# Confidence Interval of estimator for the exponential distribution

We have an exponential distribution $$f(x)=\frac{e^\frac{-x}{\theta}}{\theta}$$

We are told that $n=3$ and that the data are given as $x_1=1, x_2=2.5, x_3=5.5$

a.) Determine an approximate 95% confidence interval based on asymptotic normality of $\overline{x}$

b.) Determine an approximate 95% confidence interval based on the asymptotic distribution of the deviance $D(\theta)$. The solution does not have to be exact. Pay attention to the function g, defined as $$g(\theta)= \frac{3}{\theta}+\ln\theta -\ln3-1$$

My questions:

a.) I have to take the sample mean, and then I add up the $z_{ \frac{\alpha}{2} }\frac{\sigma}{\sqrt n}$ thing? With $z_{0.025}=1.96?$ What value do I use for $\sigma$?

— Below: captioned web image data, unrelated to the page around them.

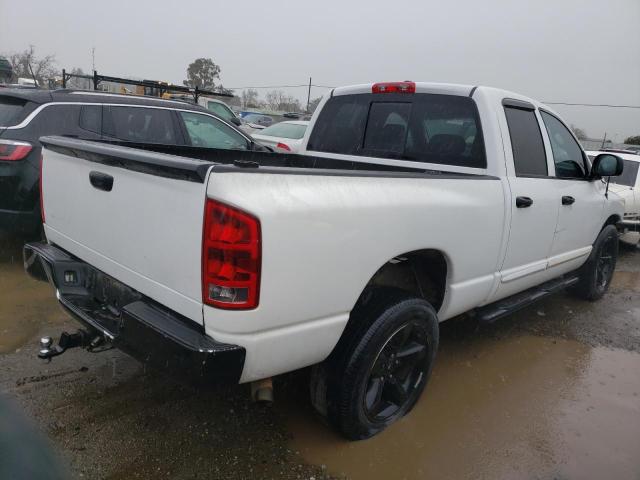 1D7HA18246S597538 - 2006 DODGE RAM 1500 ST WHITE photo 3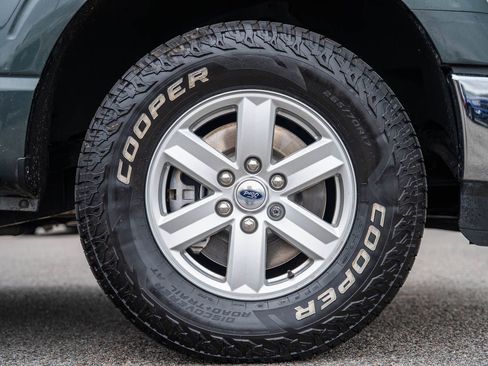 Used 2021 Ford F150 XLT AWD/4WD image 9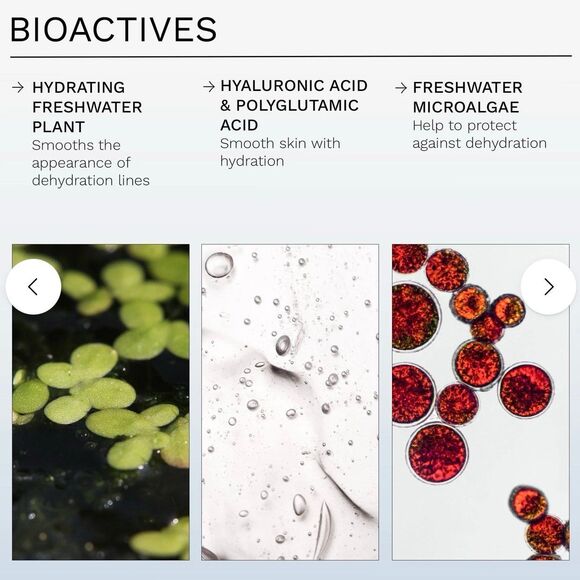 REN Skincare Everhydrate Marine Moisture-Replenish Cream Hydration Moisturizer - Picture 9 of 12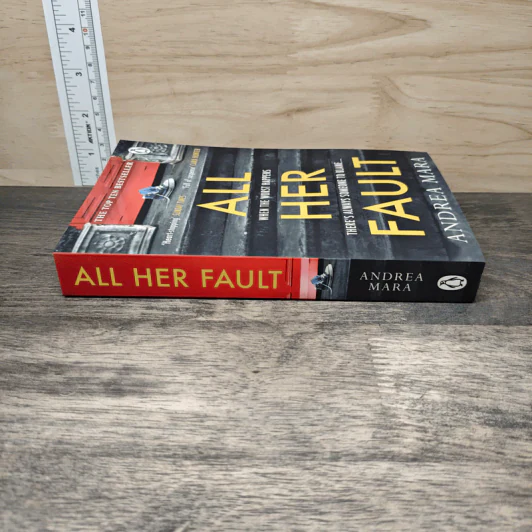 All Her Fault - Andrea Mara รูปที่ 2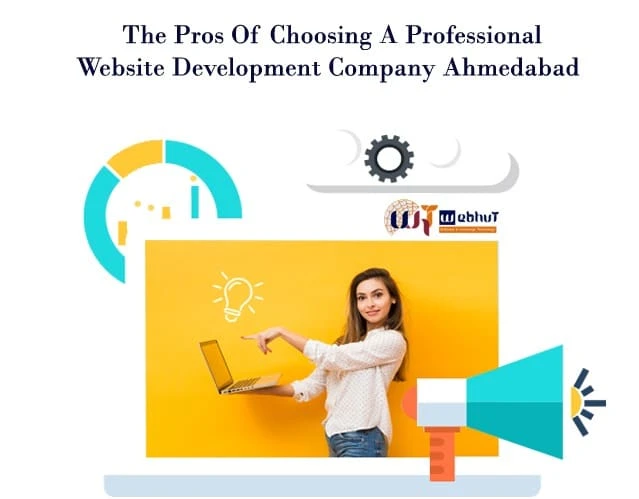 Web hut is known as the best website development company in Ahmedabad.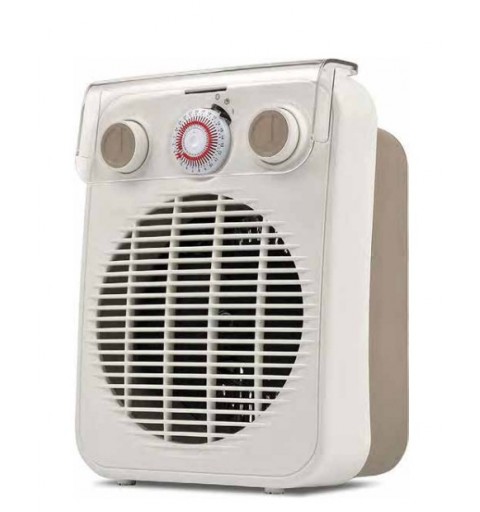 Ardes AR4F10TI stufetta elettrica Interno Bianco 2000 W Stufa elettrica a convezione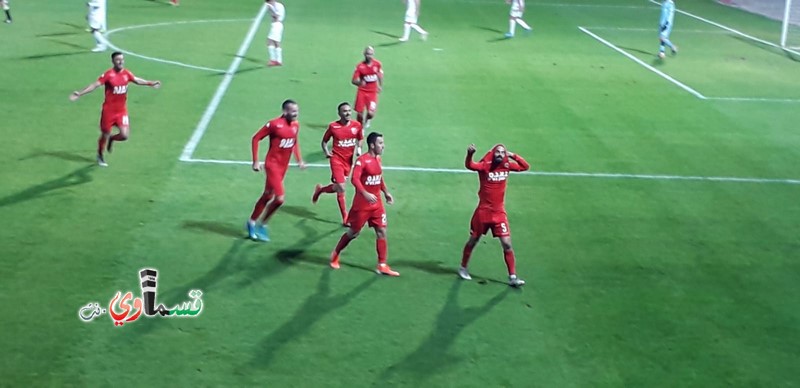 فيديو: الوحدة يُكسر اجنحة كفارسابا من الدرجة العليا 1-0 ويتاهل للمرحلة القادمة في كاس الدولة ..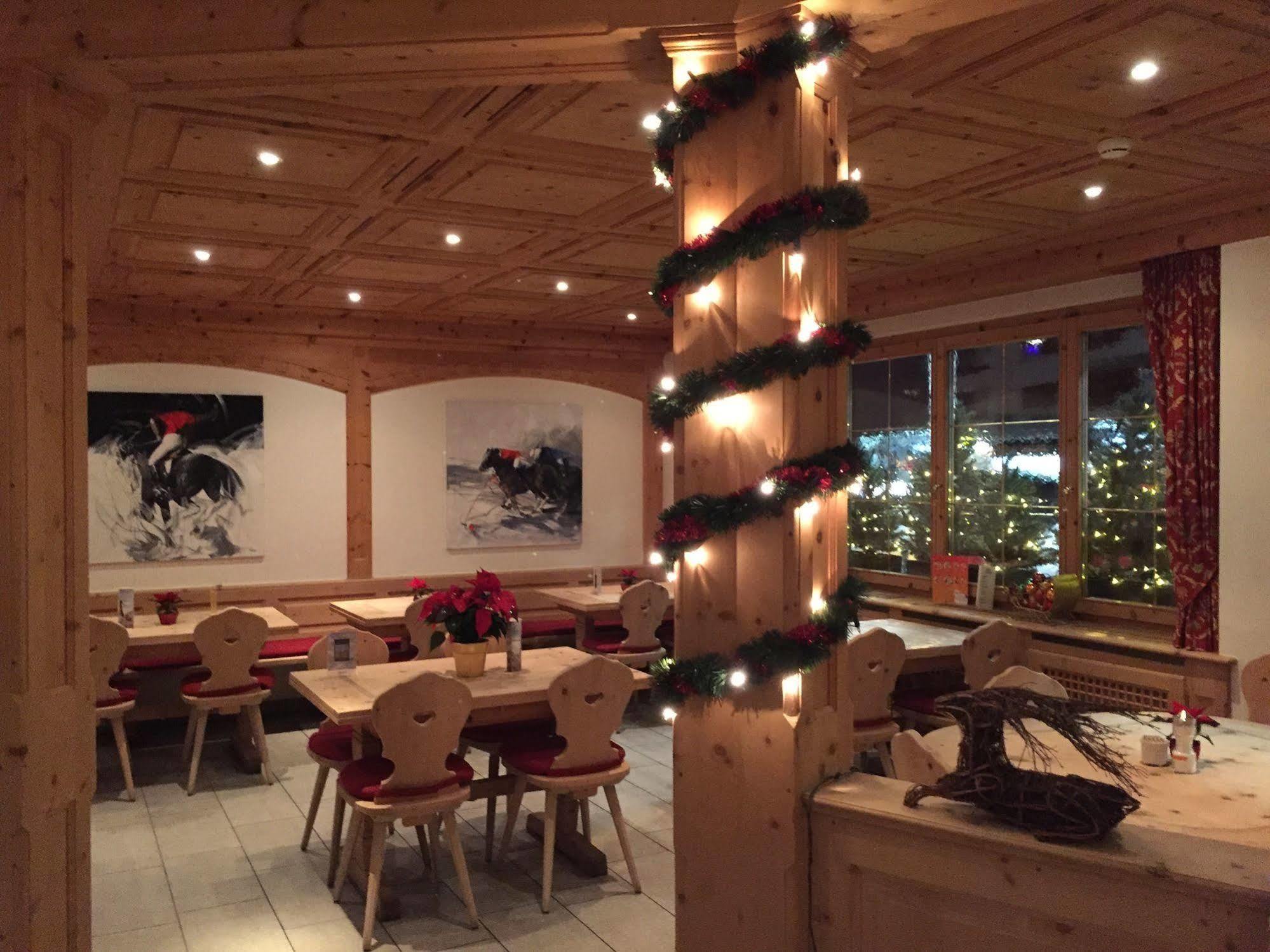 Hotel Corvatsch St. Moritz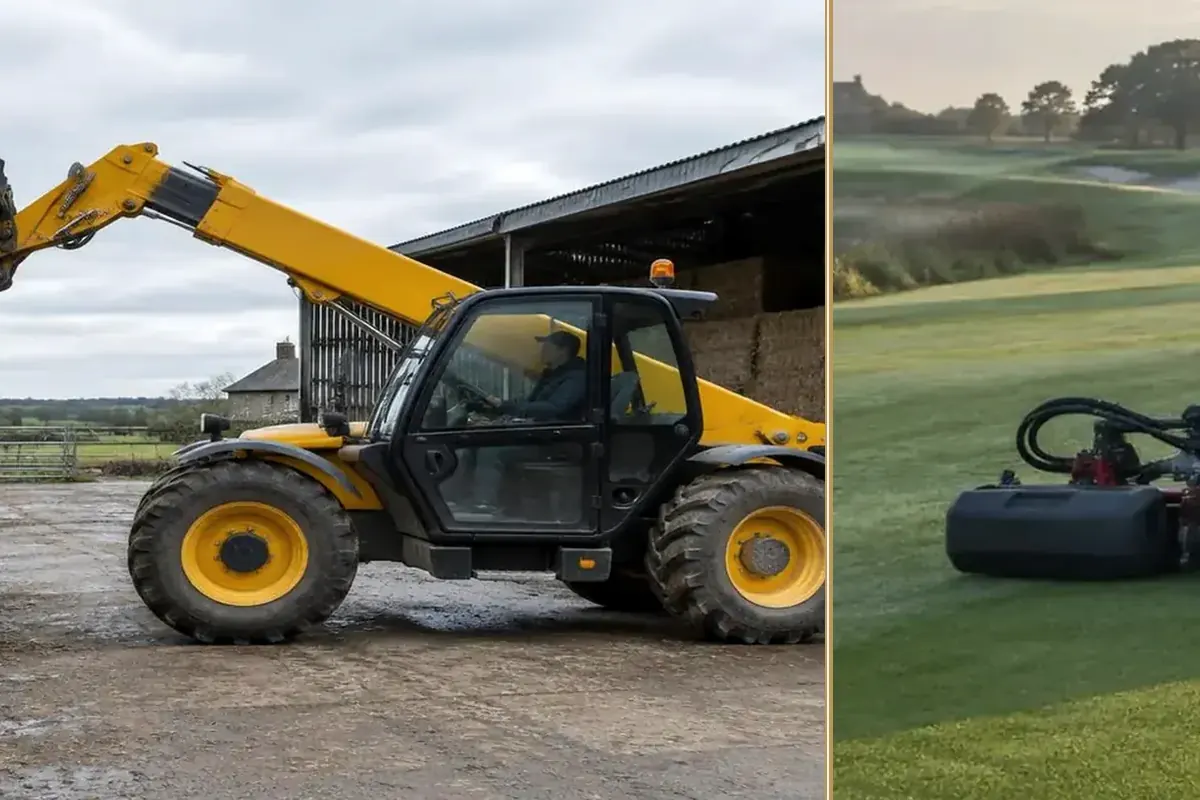 Telehandler Hire Purchase vs Lease: Which Suits Your Farm? practical finance considerations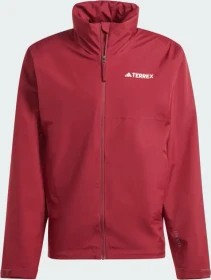 adidas Terrex Multi 2L Rain.RDY Funktionsjacke shadow red/white (Herren)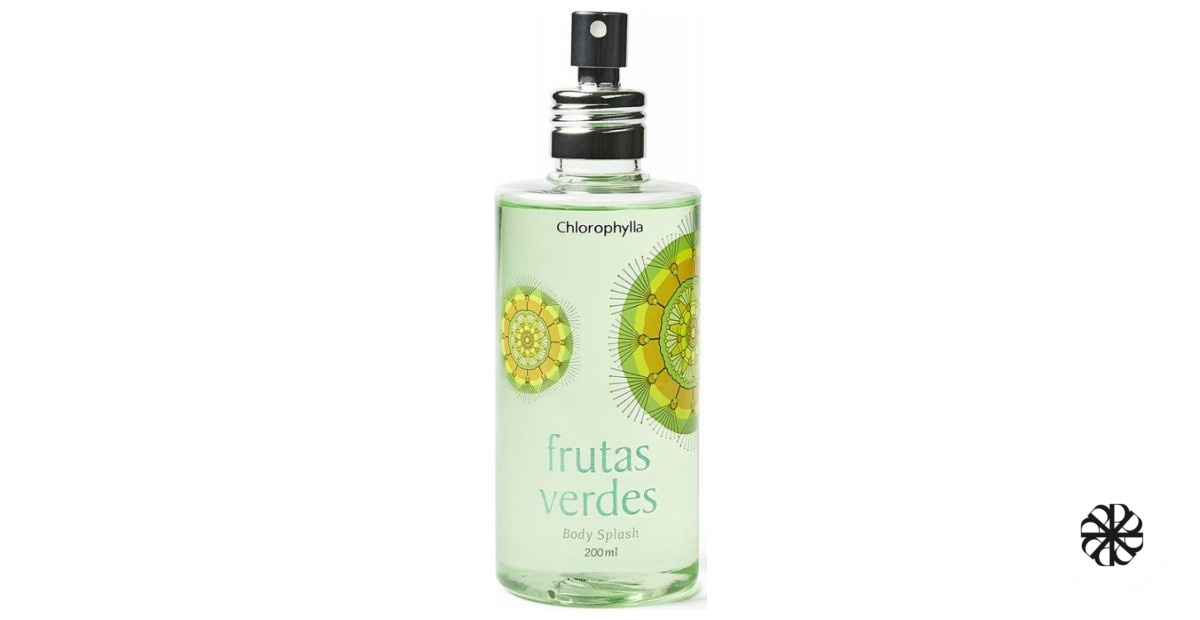 Frutas Verdes Chlorophylla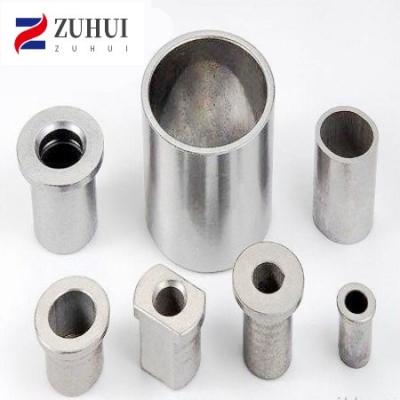 China Factory Customized Industry Metal Powder Factory Customized Motor Shaft Sintered Bronze Bushing With Competitive Price for sale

b.) What deviance $D(\theta)$ mean? The question added a graph, on the x-axis I see theta from 0 to 14 and on the y-axis I see (a probability?) from 0.0 up to 1.0 Has this something to do with the power function of the test? I should have knowledge about Neyman-Pearson, likelihood ratio tests, power function of a test.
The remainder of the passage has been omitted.